Using the entries below, copy exactly each line from the line with "MiiS гель-лак LuxLak 20 глянцевое 7.3 мл" up to and including the line with "森达老爹鞋女2025冬新商场同款网面厚底户外休闲鞋XVF01DM5", with every picture left out.

» **Listed entries**
※
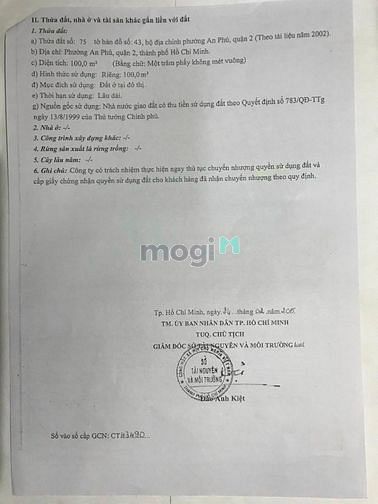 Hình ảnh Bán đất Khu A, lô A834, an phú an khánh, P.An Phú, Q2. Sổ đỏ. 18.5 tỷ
※
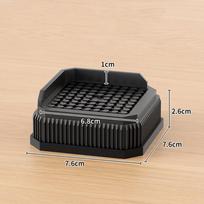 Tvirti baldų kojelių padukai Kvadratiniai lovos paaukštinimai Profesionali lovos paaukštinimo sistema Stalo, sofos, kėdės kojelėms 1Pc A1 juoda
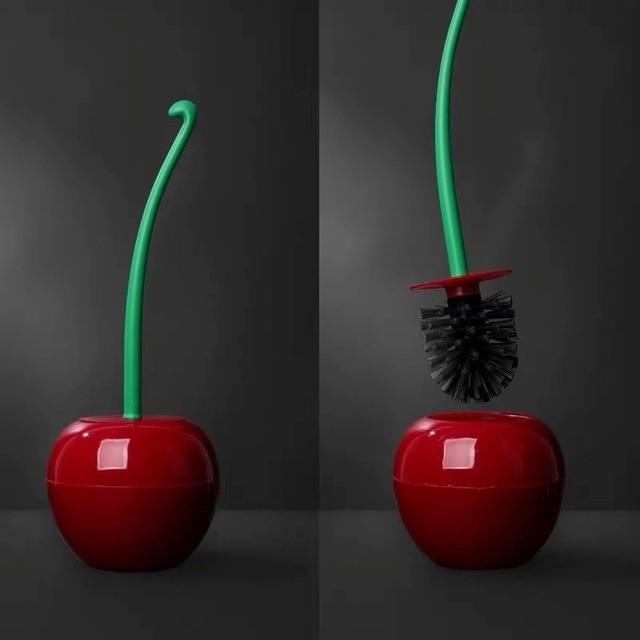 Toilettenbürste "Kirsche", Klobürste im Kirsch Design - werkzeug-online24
※
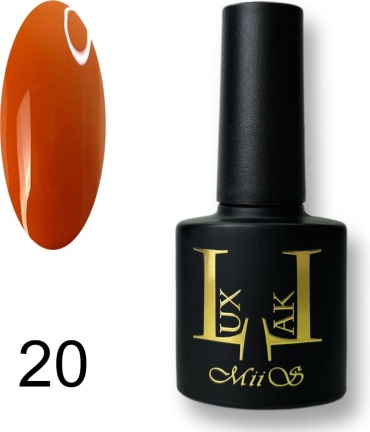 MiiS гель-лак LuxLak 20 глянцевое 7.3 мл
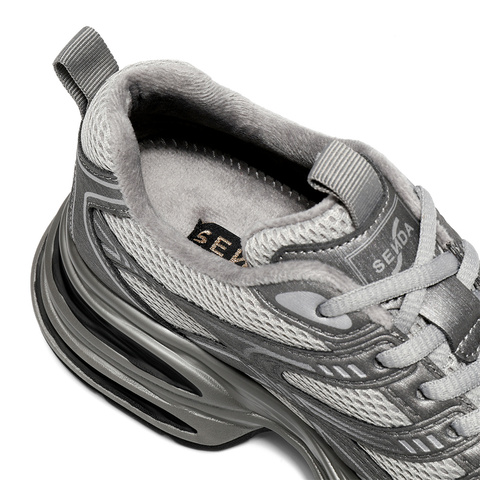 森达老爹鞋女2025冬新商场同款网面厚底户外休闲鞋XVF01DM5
※
» **Result of the task**
 MiiS гель-лак LuxLak 20 глянцевое 7.3 мл
 森达老爹鞋女2025冬新商场同款网面厚底户外休闲鞋XVF01DM5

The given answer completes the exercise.